关键词 ：动作类电子游戏, 脑电, beta节律, 机器学习, 频数分析

Abstract：Action video games (AVGs) have become one of the most prominent entertainment in contemporary life. Recently, many studies have shown that the action video games have important impacts on player′s cognitive functions such as attention, which is related to EEG beta rhythm. However, traditional EEG rhythm analysis is based on the average of power strength across temporal segments, which may be difficult to continuously assess the potential effects of AVG levels on brain function. Therefore, based on machine learning, we proposed a new EEG rhythm ratio analysis method. This study included 232 healthy League of Legends male players, and the game levels were divided into level 1 to level 5 (from low to high, corresponding to 27, 74, 77, 34 and 20 subjects) according to the expertise ranking. The game state and resting state EEG for each subject were both recorded. The proposed rhythm ratio analysis contained following steps: 1) difference values of beta rhythm power between game state and resting state were calculated and used as features; 2) all features of data segments for each subject would be relabeled using the support vector machine with radial basis function kernel (high-level/low-level beta pattern), while the training datasets were level 1 and level 5 groups (others were test dataset), and the ratios of predicted high-level beta patterns were obtained for each subject; and 3) finally, the effect of game level on the ratio of high-level beta patterns was assessed using one-way ANOVA, and Pearson′s correlation between game performance score and the ratio of high-level beta patterns was investigated.
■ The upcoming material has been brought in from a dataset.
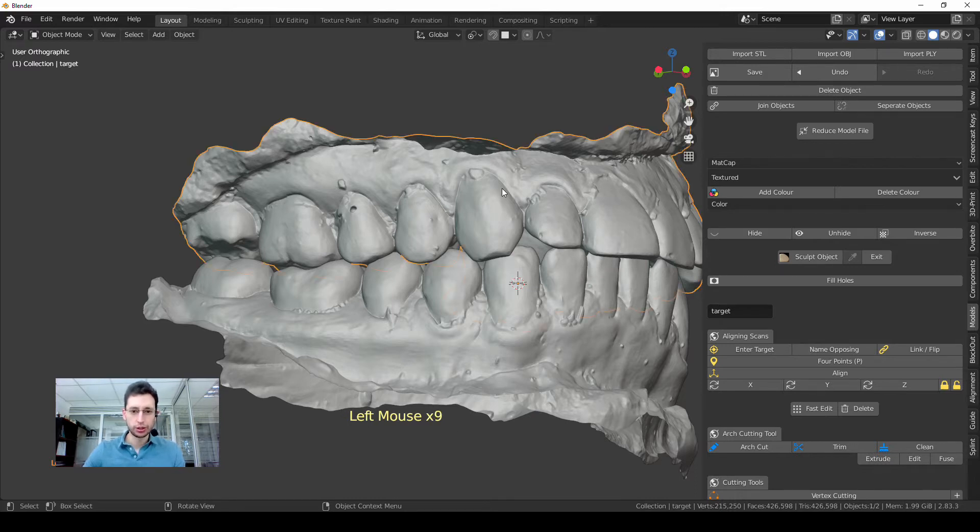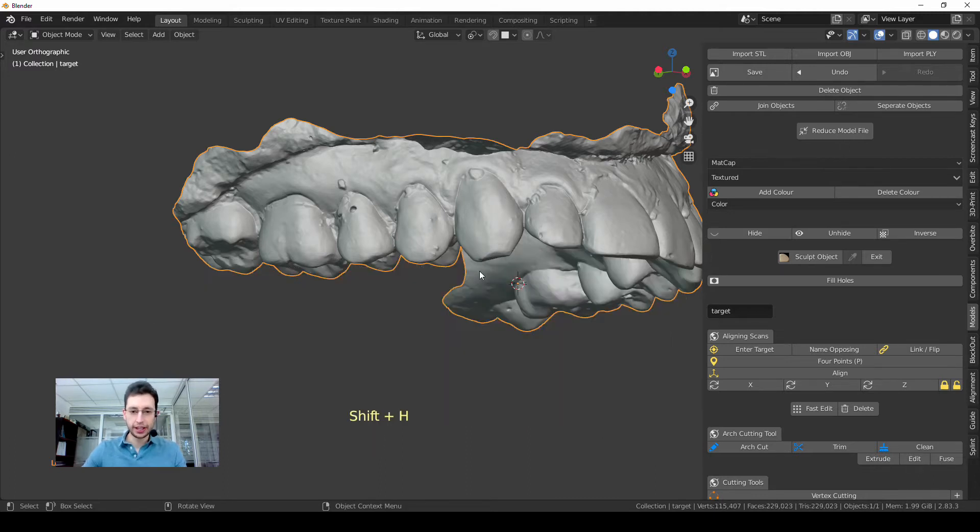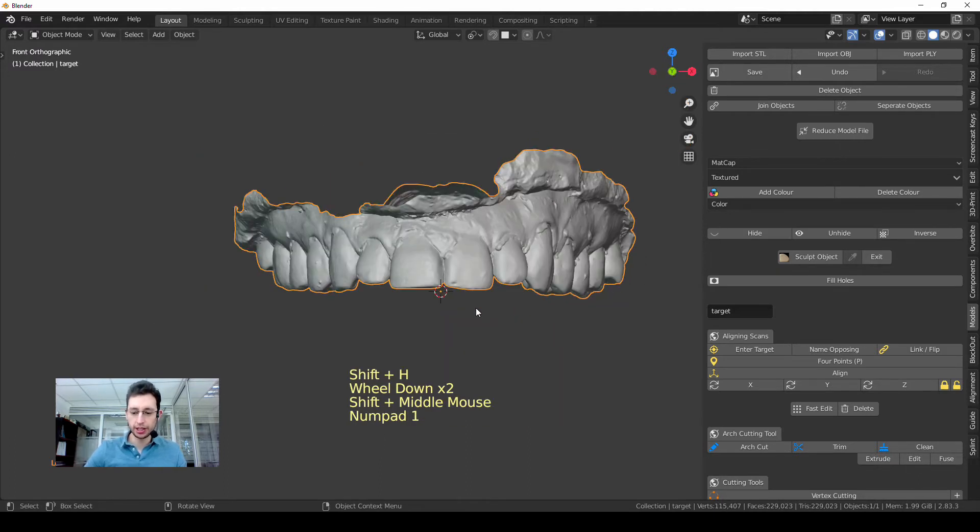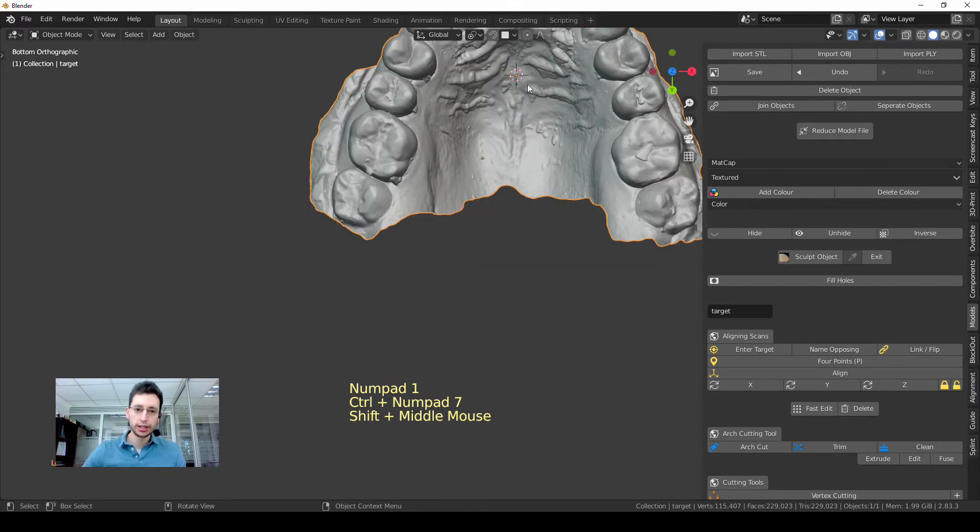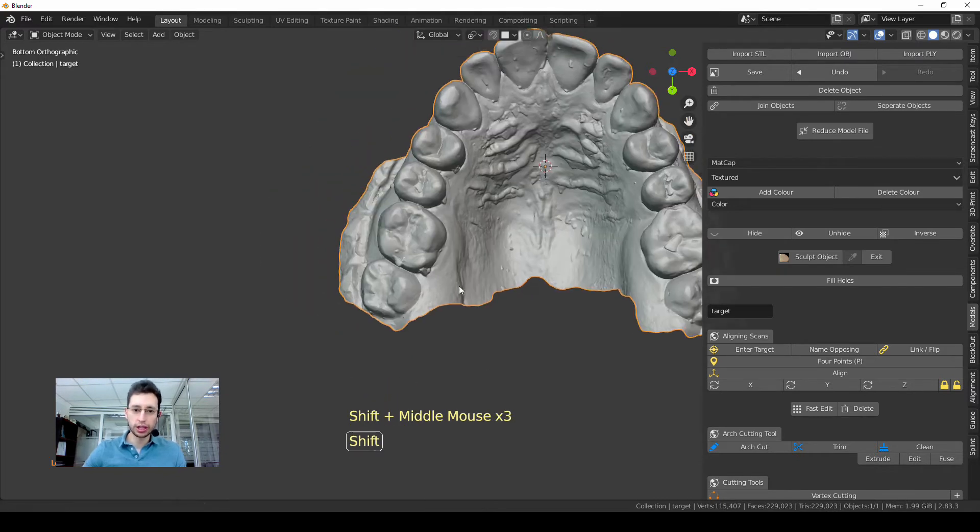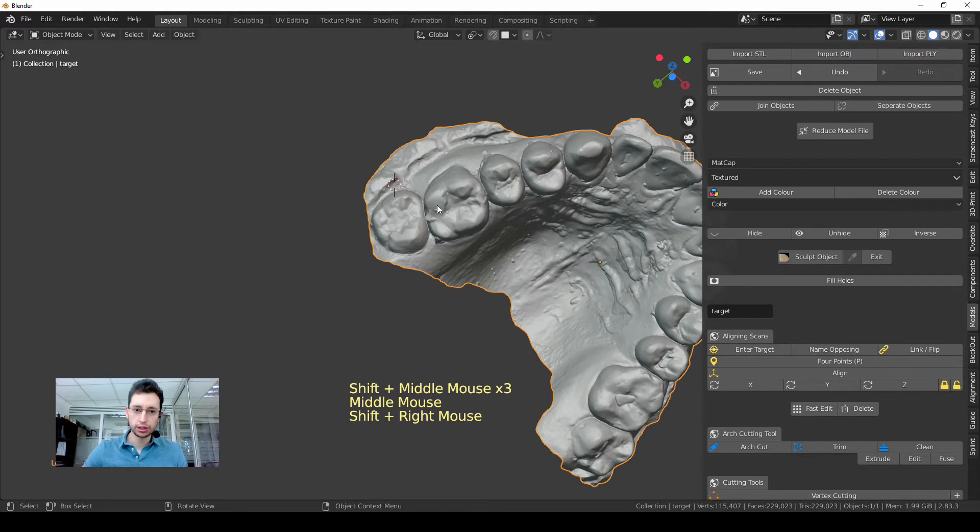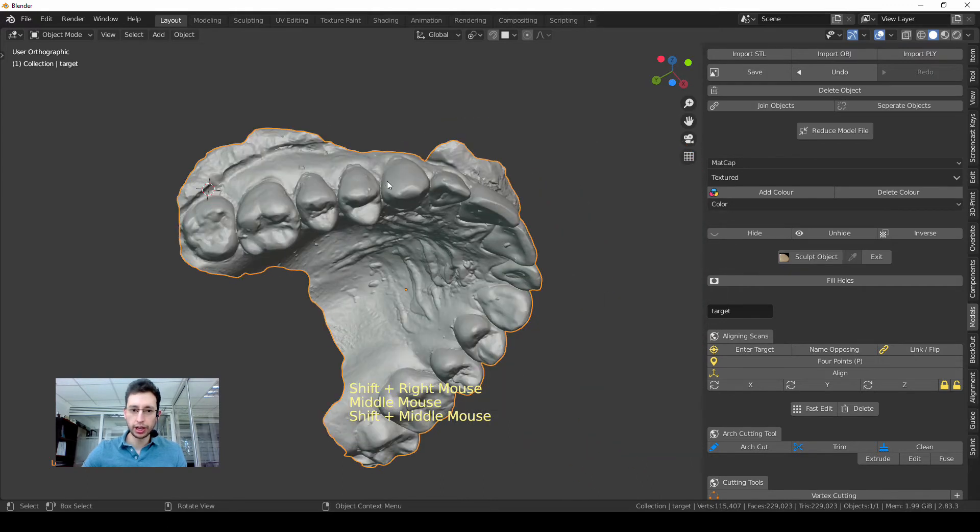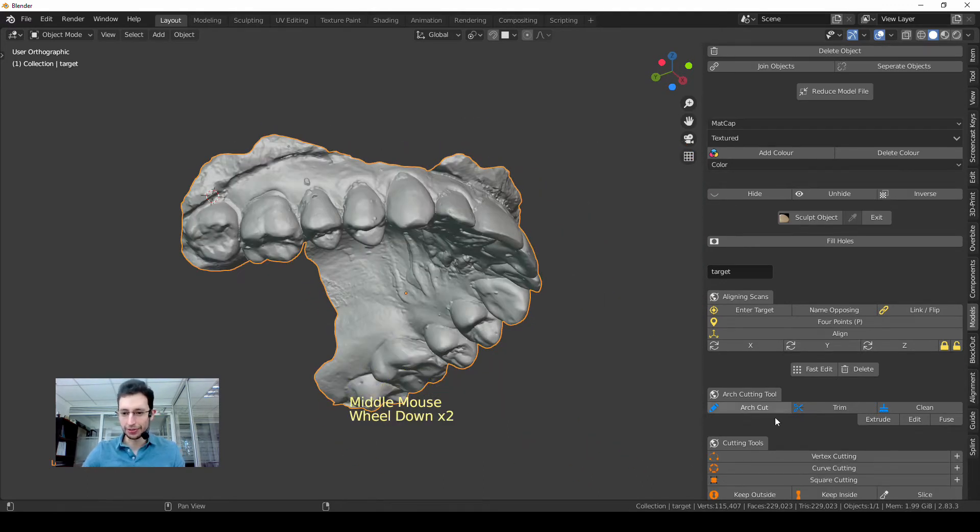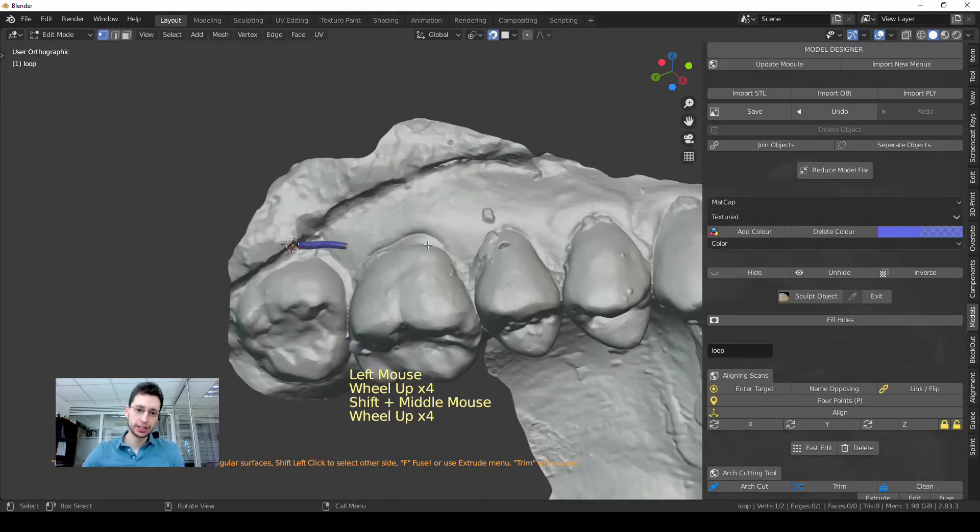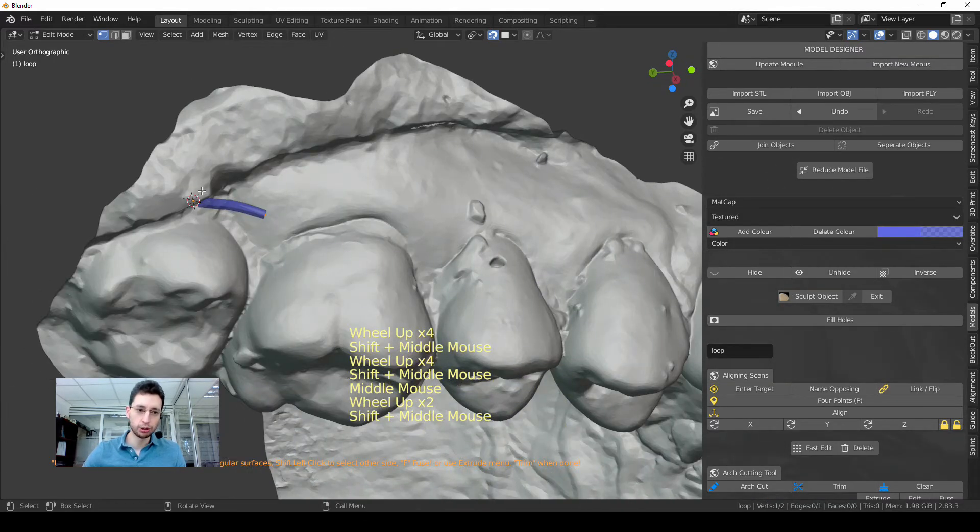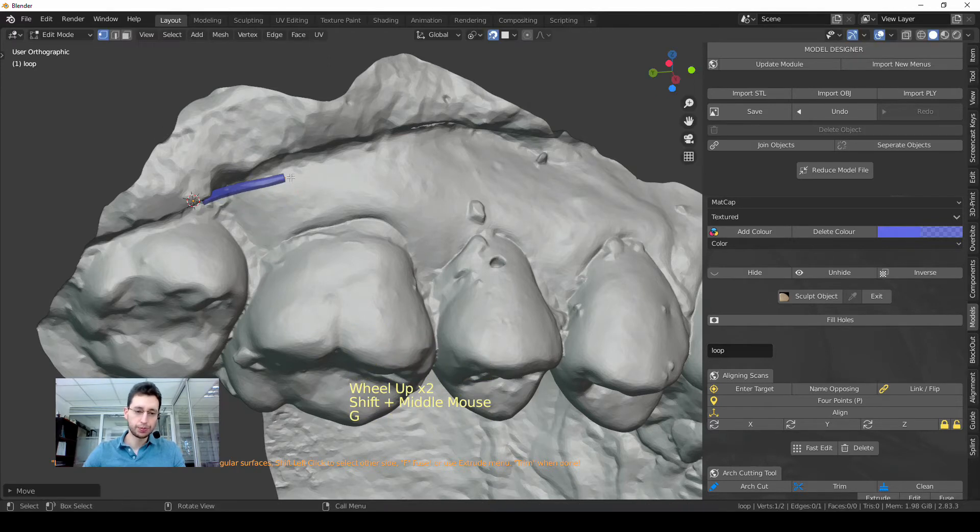I will press Shift and H to hide everything but the model I want to work with, and then I will use the cursor to start removing all that wrong stuff. So I use the arch cut and that generates this small line, this small tube.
The results of one-way ANOVA depicted that there were significant differences among the different game level groups (P<0.05, F=17.40), and the ratio of high-level beta patterns was increasing with the increase of game level. There were also significant differences among the different game level groups using ratio analysis based on clustering (P<0.05,F=6.57) and linear discriminant (P<0.05,F=14.84) methods. Furthermore, there was a significant correlation between the game performance score and the ratio of high-level beta patterns (P<0.05, r=0.22). It is implied that the potential effects of action video game on brain function, such as attention, could be assessed by the proposed method. The results may provide a new sight to improve our understanding about brain plasticity related to AVGs.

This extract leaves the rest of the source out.